Joe Arpaio with detainees at his Tent City, which has been slapped with a federal lawsuit. Peter Yang

Before he was voted out of office, ending his 24-year reign of terror, former Sheriff Joe Arpaio committed serial violations of the constitutional rights of Arizonans, but largely avoided being held personally accountable. Courts repeatedly found that Arpaio had violated the law, but because he was sued in his official capacity, it was Maricopa County on the hook for millions of dollars in civil damages. It was only after Arpaio repeatedly and openly defied a court order that he faced a criminal charge for contempt of court. His disobeying and lying to a federal court resulted in a misdemeanor conviction for which Arpaio could have been sentenced up to six months in jail.

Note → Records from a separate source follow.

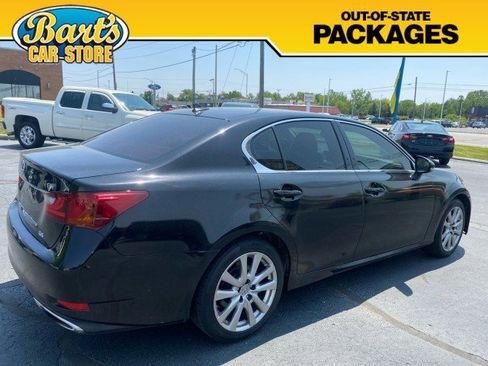 Used 2013 Lexus GS 350 AWD image 6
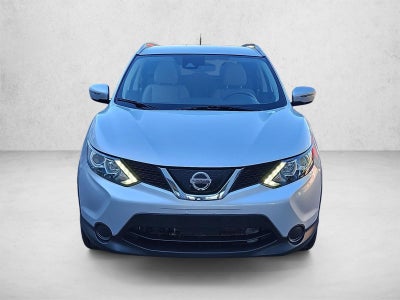 2019 Nissan Rogue Sport AWD SV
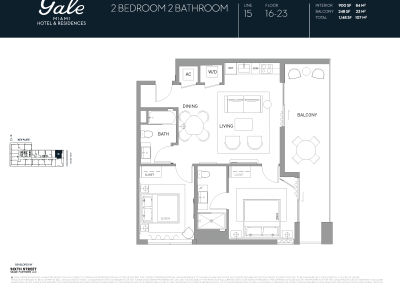 Gale Miami - Hotel & Residences With No Rental Restrictions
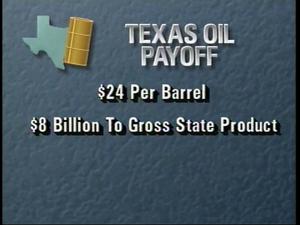 [News Clip: Oil - Texas]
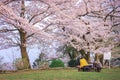 Sankei-en garden location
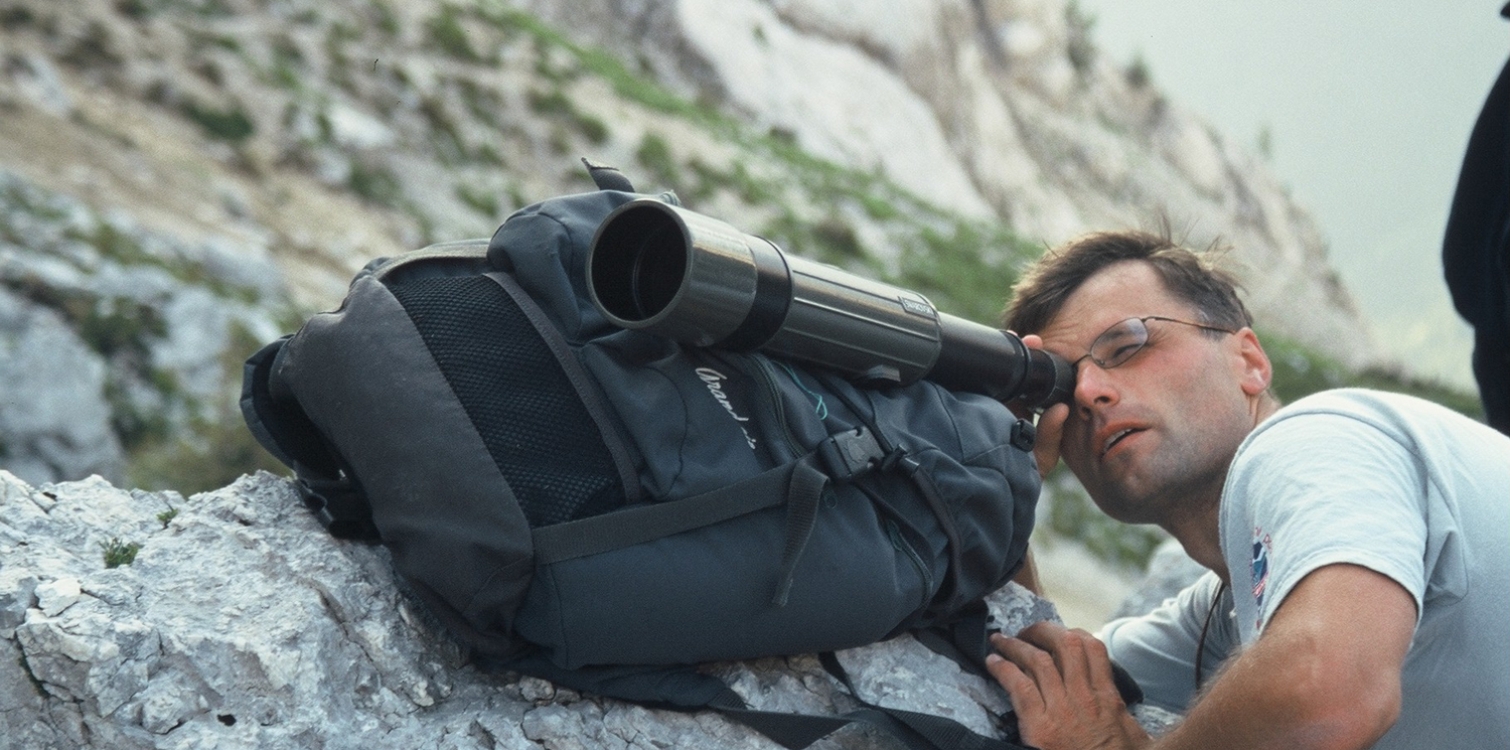 History and vision of Triglav National park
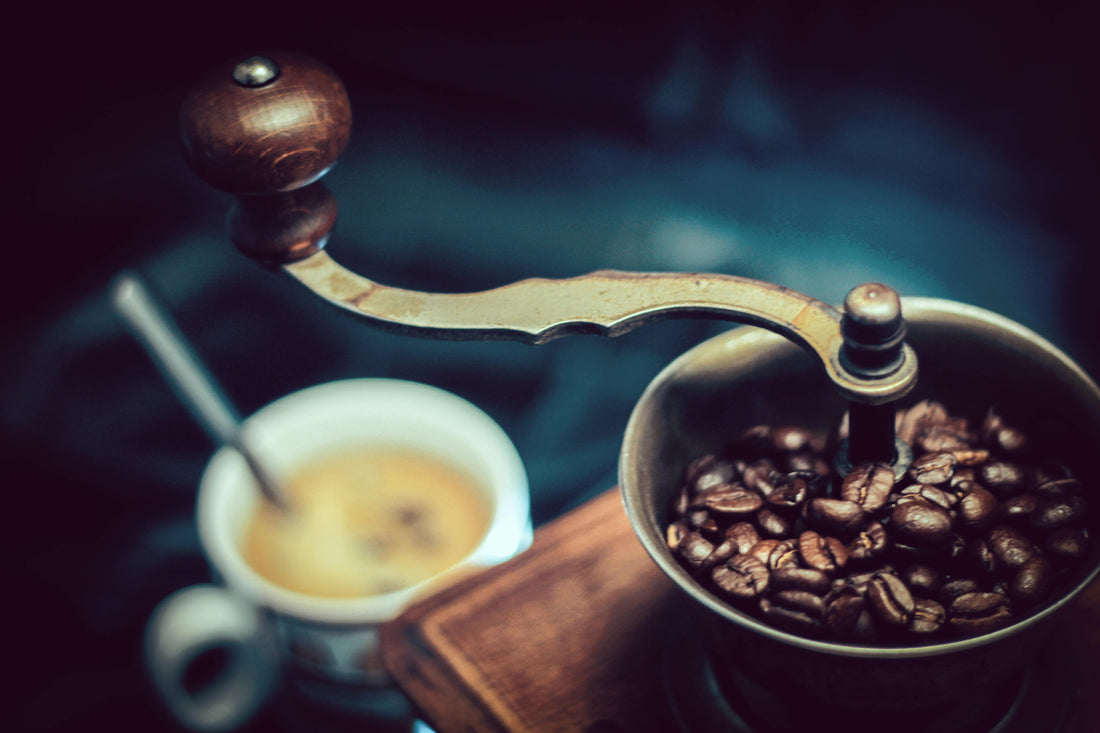Best Coffee Scale in the UK in 2025 - Subminimal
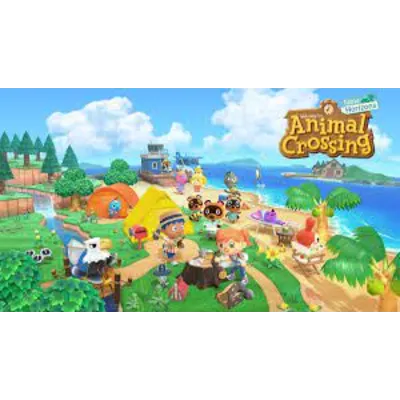 Switch Animal Crossing: New Horizons на ваш акк - irongamers.ru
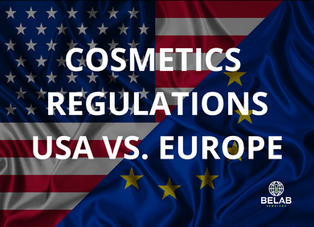 Diferencias entre la normativa cosmética de Estados Unidos y la Unión Europea
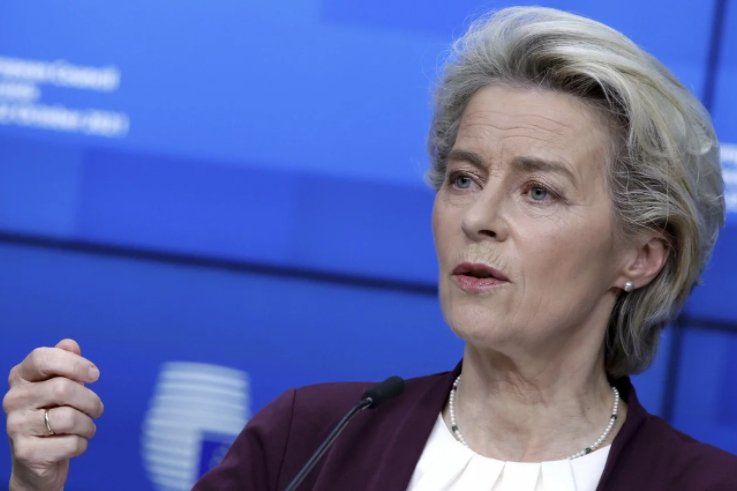 UE reaguje na decyzję prezydenta Rosji.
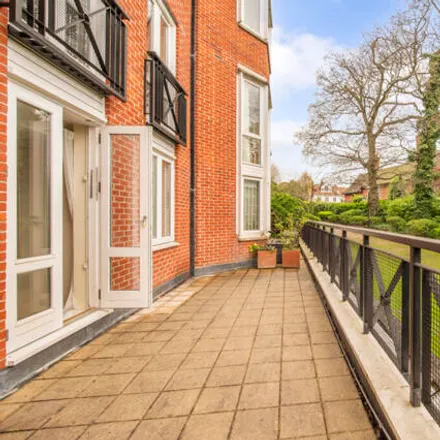 Buy this 2 bed apartment on Westfield in 15 Kidderpore Avenue, London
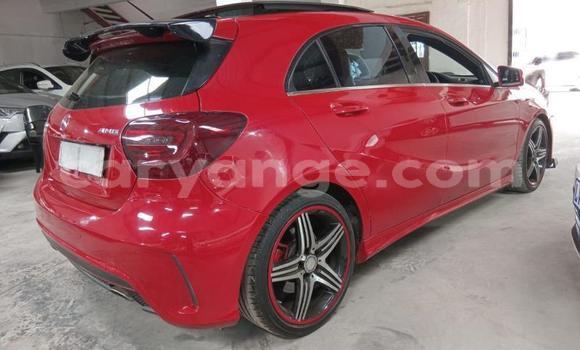 Acheter Occasion Voiture Mercedes-Benz A–Class Rouge à Gobabis, Omaheke Acheter Occasion Voiture Mercedes-Benz A–Class Rouge à Gobabis, Omaheke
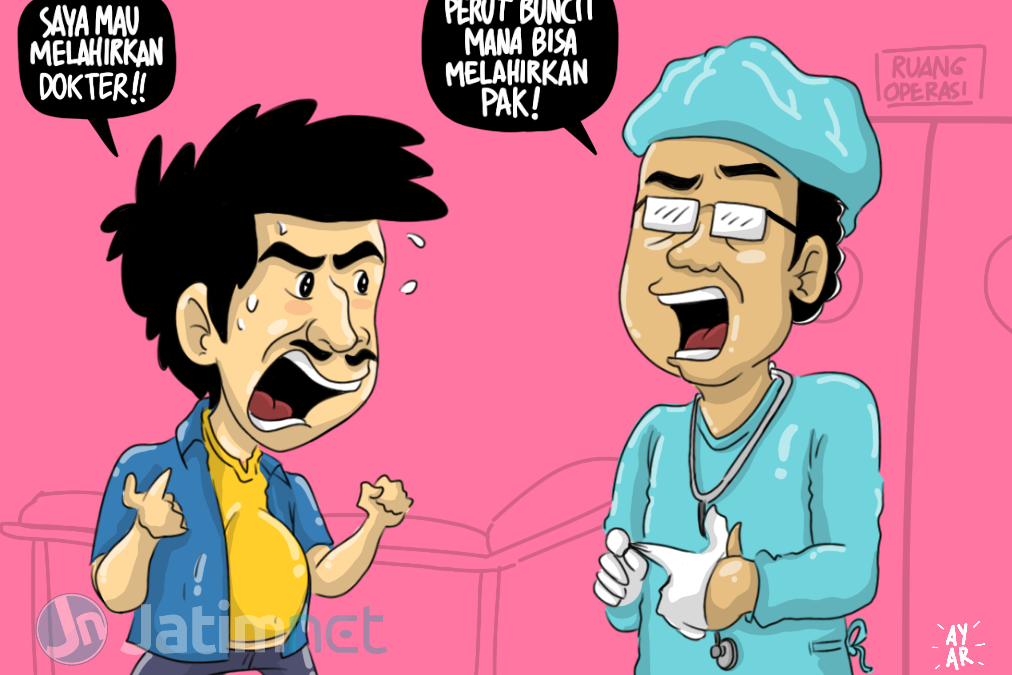 Dikira Pria, Perempuan Hamil Ini Tak Dapat Layanan Persalinan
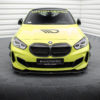 Etulipan levikkeet (Canards) BMW 1 M-Pack / M135i / 128ti F40, Maxton-2
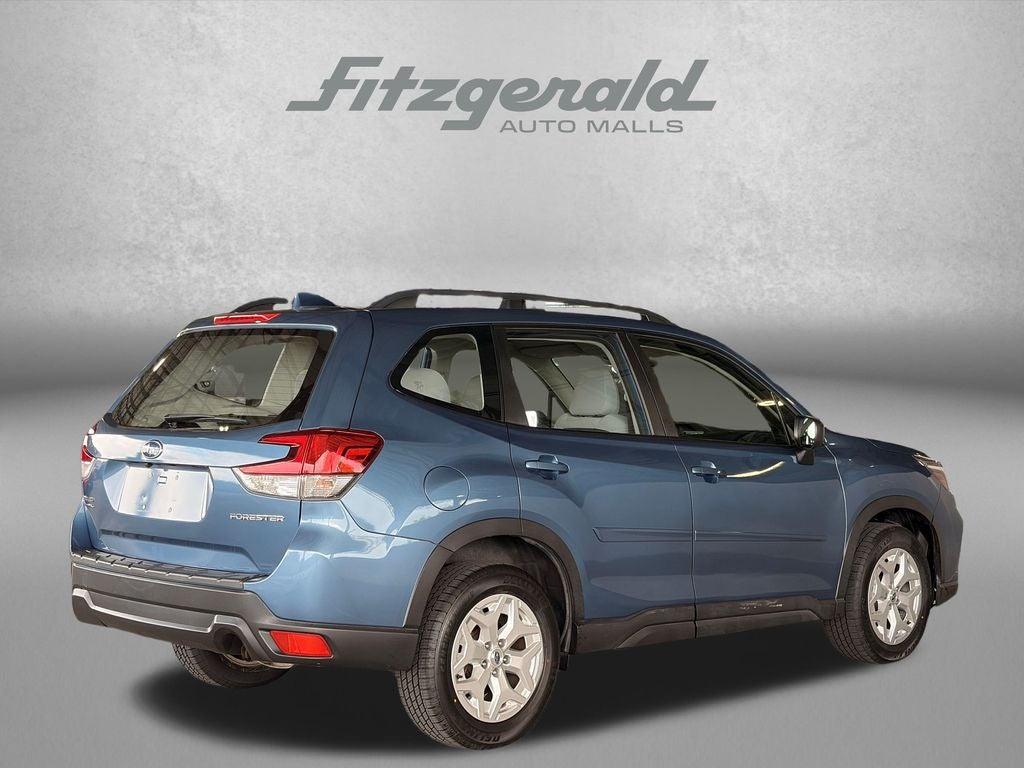 2019 Subaru Forester Base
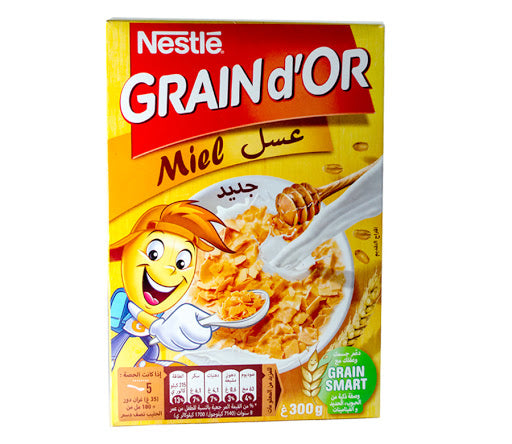 Cereal Grain d'Or - 300g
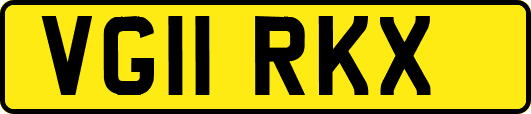 VG11RKX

Why it matters: Trump claimed at his Arizona campaign rally last week that Arpaio was convicted for “doing his job.” In Trump’s mind, the job of law enforcement is to make life miserable for those he deems undesirable – typically, black and brown people and political opponents – whether or not they have been found guilty of any crime and without regard to whether the punishment is lawful even for those who are found guilty. By pardoning someone with Arpaio’s history of illegally targeting racial minorities, Trump endorsed the use of policing practices to deprive people of color of their rights under the Constitution. Furthermore, by pardoning Arpaio for the specific crime of defying a court order, Trump announced his intention to free his cronies from accountability for lawbreaking, raising the possibility that he will discourage his campaign associates from providing evidence in the Russia investigation with the promise of pardons if they are held in contempt of Congress or the courts.